Transcription, pictures excluded: write out the data below exactly.

┌─ DATASET SECTION

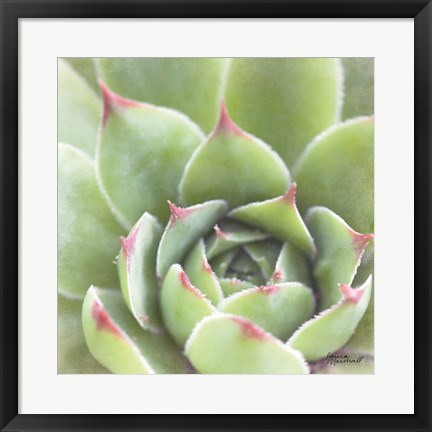 Framed Garden Succulents III Color Print
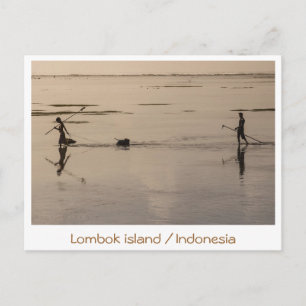 Lombok island / Indonesia monochrome images Postcard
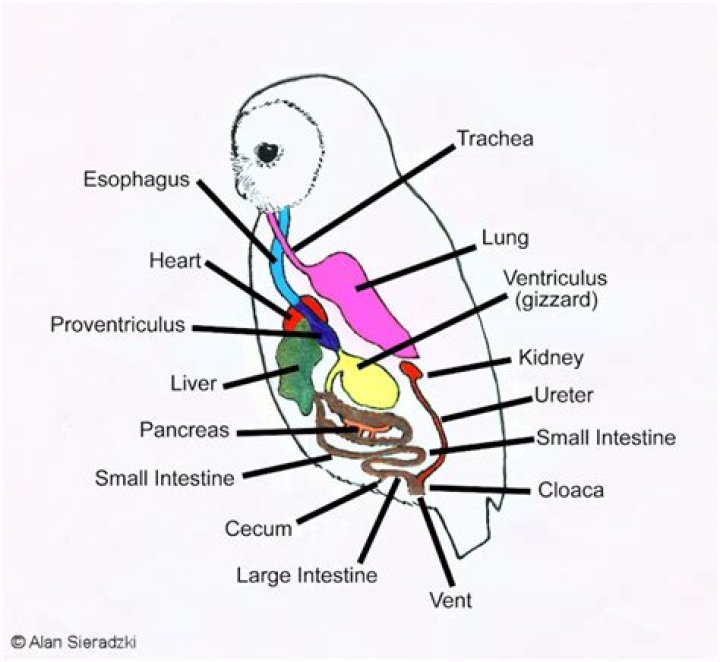 What does the owl pellet reveal about the owls digestive system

└─

→ **ANSWER SPACE**:
 Framed Garden Succulents III Color Print
 Lombok island / Indonesia monochrome images Postcard
 What does the owl pellet reveal about the owls digestive system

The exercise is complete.